Set down the data below from its first line to the line holding "Towels, soap, shampoo, toilet", inclusive; omit all pictures.

Records supplied
┌──
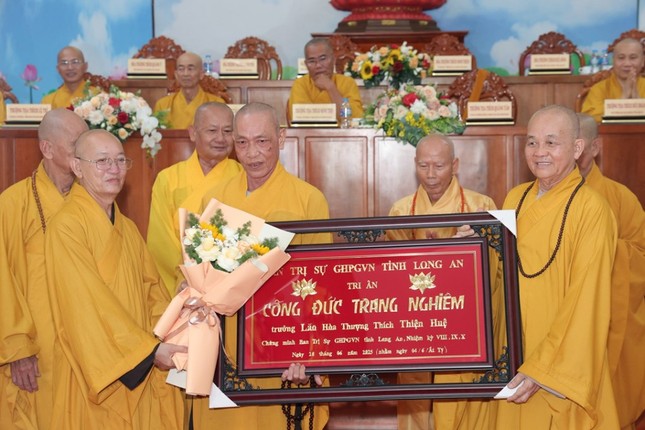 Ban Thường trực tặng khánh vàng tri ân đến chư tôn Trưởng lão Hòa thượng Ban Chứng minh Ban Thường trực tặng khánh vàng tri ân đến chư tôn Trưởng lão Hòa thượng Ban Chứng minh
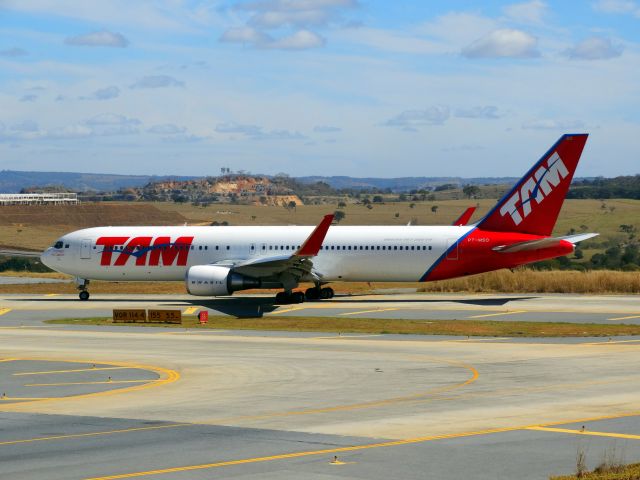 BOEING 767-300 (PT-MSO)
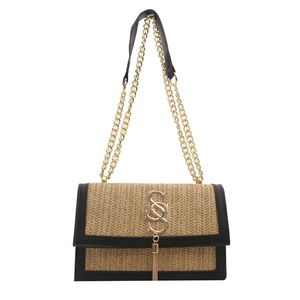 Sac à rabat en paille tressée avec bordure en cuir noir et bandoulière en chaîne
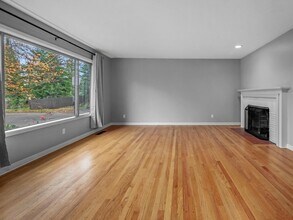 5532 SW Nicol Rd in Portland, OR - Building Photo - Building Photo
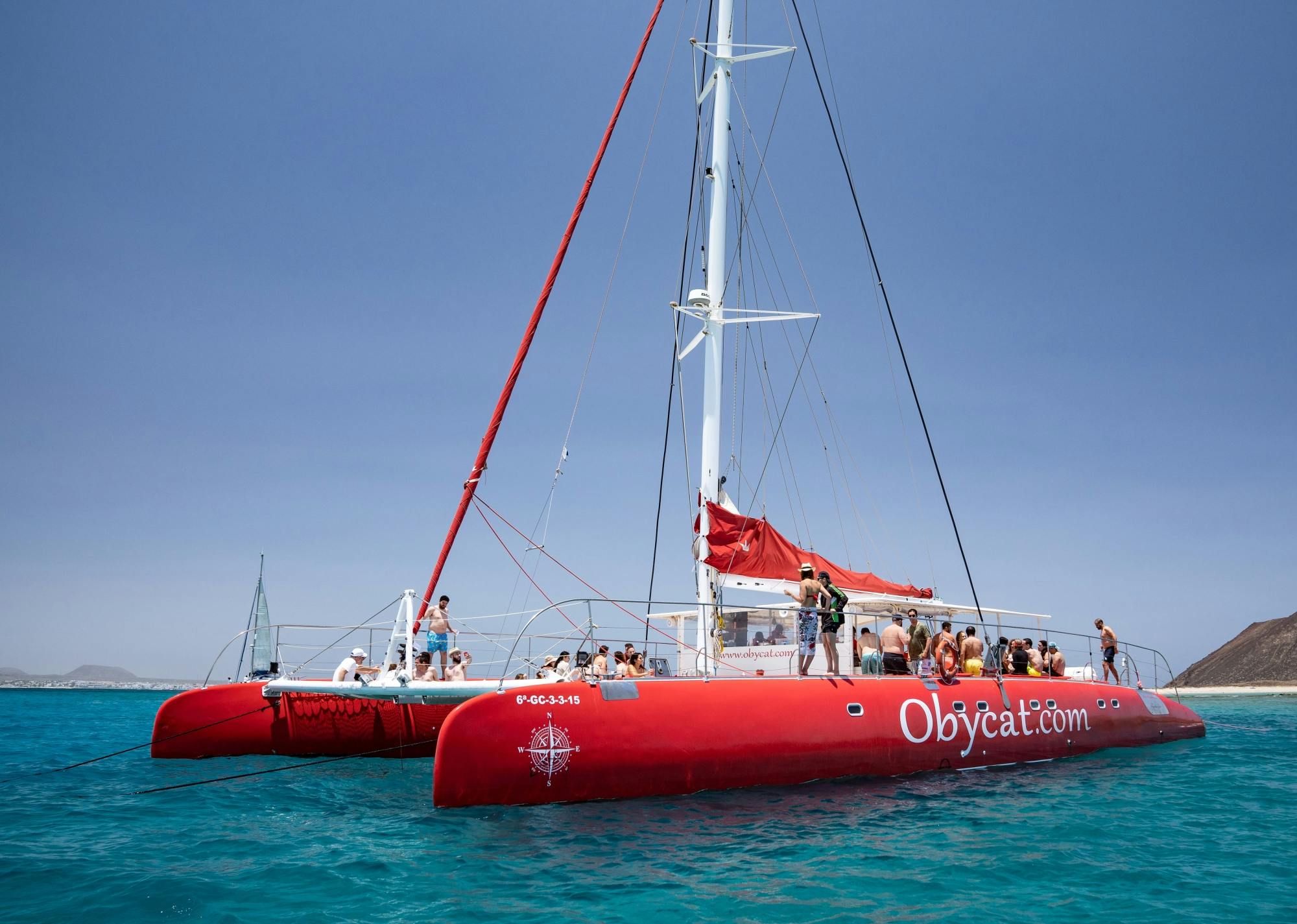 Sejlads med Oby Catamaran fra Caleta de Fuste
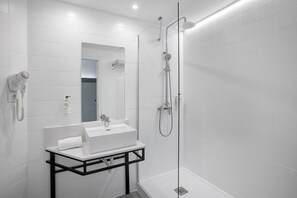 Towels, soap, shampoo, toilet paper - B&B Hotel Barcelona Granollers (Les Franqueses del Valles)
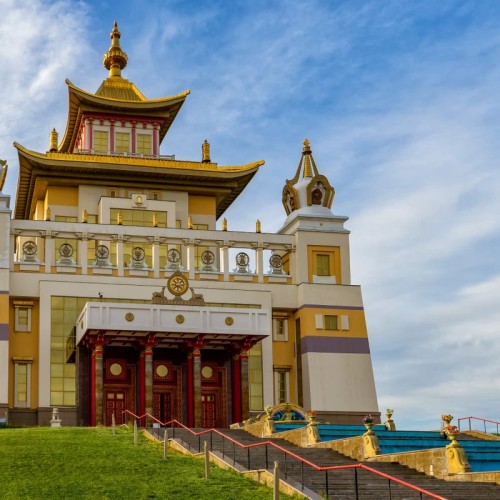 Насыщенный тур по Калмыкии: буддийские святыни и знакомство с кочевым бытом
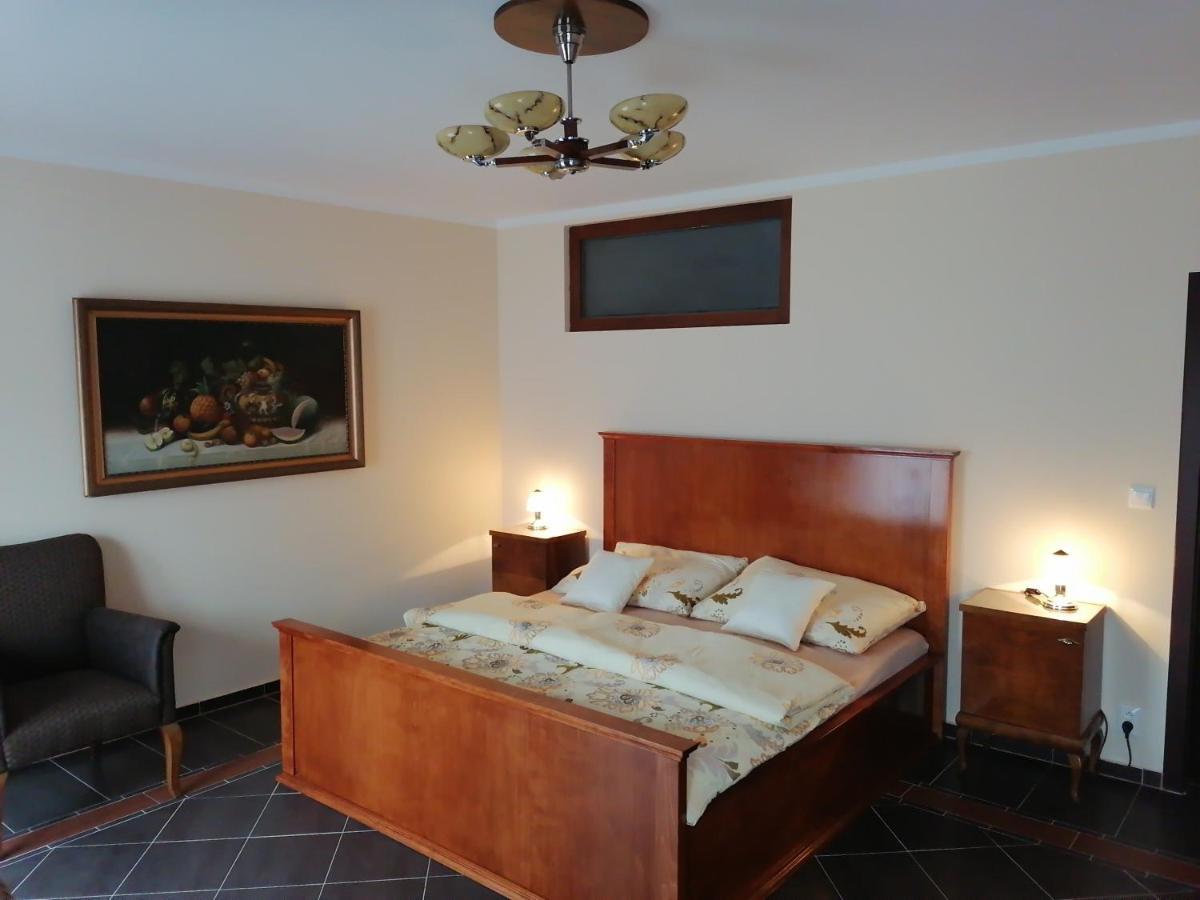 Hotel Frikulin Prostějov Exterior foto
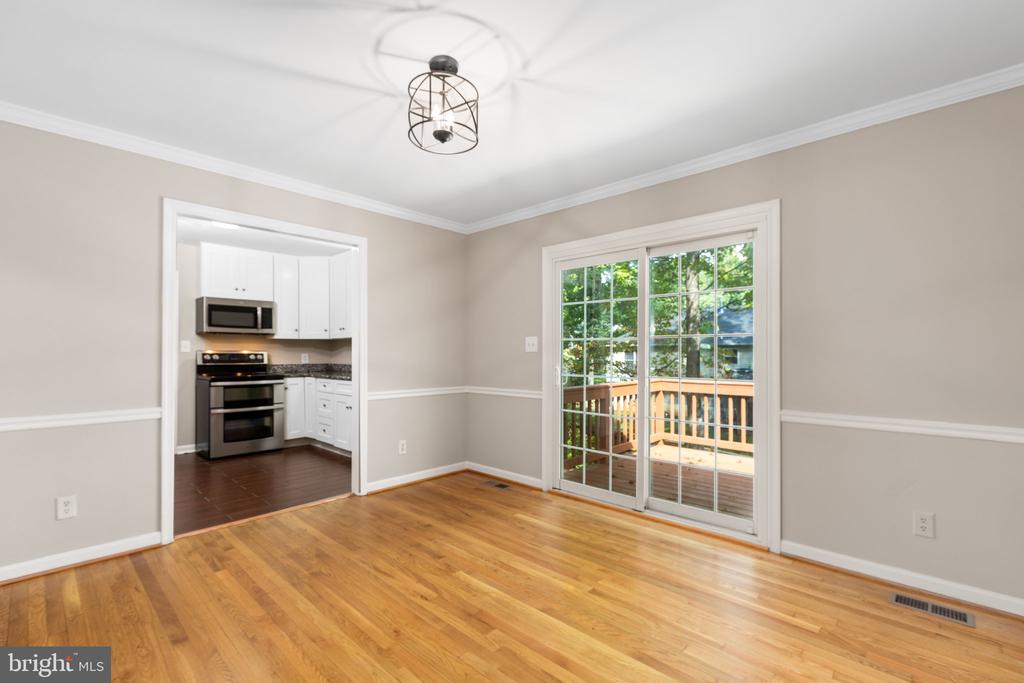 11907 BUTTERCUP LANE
└──
Exercise output
 Ban Thường trực tặng khánh vàng tri ân đến chư tôn Trưởng lão Hòa thượng Ban Chứng minh Ban Thường trực tặng khánh vàng tri ân đến chư tôn Trưởng lão Hòa thượng Ban Chứng minh
 BOEING 767-300 (PT-MSO)
 Sac à rabat en paille tressée avec bordure en cuir noir et bandoulière en chaîne
 5532 SW Nicol Rd in Portland, OR - Building Photo - Building Photo
 Sejlads med Oby Catamaran fra Caleta de Fuste
 Towels, soap, shampoo, toilet paper - B&B Hotel Barcelona Granollers (Les Franqueses del Valles)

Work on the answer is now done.